CPU types, per the KVM docs, and allow mixed clusters...
--
Matthew Trent
Network Engineer
Lewis County IT Services
360.740.1247 - Helpdesk
360.740.3343 - Direct line
________________________________________
From: Martin Polednik <mpolednik(a)redhat.com>
Sent: Wednesday, February 3, 2016 11:43 PM
To: Matthew Trent
Cc: Yaniv Kaul; users(a)ovirt.org
Subject: Re: [ovirt-users] Mixing CPU types
----- Original Message -----
From: "Matthew Trent"
<Matthew.Trent(a)lewiscountywa.gov>
To: "Yaniv Kaul" <ykaul(a)redhat.com>
Cc: users(a)ovirt.org
Sent: Wednesday, February 3, 2016 8:10:35 PM
Subject: Re: [ovirt-users] Mixing CPU types
?Actually it works great! It's been supported by KVM for a while now. I had
one Proxmox cluster with a mix of AMD and Intel and migrated KVM VM's
between them frequently. OpenStack (KVM) and VMWare support this as well.
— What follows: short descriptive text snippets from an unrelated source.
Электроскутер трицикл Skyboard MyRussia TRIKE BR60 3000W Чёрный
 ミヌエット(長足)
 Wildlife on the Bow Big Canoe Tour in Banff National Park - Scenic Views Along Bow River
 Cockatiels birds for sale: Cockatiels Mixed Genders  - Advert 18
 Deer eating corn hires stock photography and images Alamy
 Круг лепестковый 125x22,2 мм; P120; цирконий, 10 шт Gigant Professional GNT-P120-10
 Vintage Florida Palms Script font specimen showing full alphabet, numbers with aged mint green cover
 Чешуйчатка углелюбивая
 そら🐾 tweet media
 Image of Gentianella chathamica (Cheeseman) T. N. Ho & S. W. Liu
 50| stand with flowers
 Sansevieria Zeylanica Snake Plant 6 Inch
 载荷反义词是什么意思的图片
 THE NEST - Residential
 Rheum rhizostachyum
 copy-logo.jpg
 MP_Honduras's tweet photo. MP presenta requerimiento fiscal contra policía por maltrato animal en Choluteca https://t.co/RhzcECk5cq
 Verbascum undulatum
The trick is to expose a virtual CPU with a common set of features to the
VMs. KVM handles the rest. From the KVM FAQ:
http://www.linux-kvm.org/page/FAQ#Does_KVM_support_live_migration_from_an...
That is pretty much what libvirt does. The sandy-bridge, haswell and other
cpu's that we expose are not really a CPUs, but sets of flags (called
baseline CPUs in libvirt's terminology).
Afaik there should be no issue running cluster with both CPU vendors,
the problem is lack of testing on devel side as we mostly run
single vendor clusters everywhere.
"Does KVM support live migration from an AMD host to an Intel
host and back?
Yes. There may be issues on 32-bit Intel hosts which don't support NX (or
XD), but for 64-bit hosts back and forth migration should work well.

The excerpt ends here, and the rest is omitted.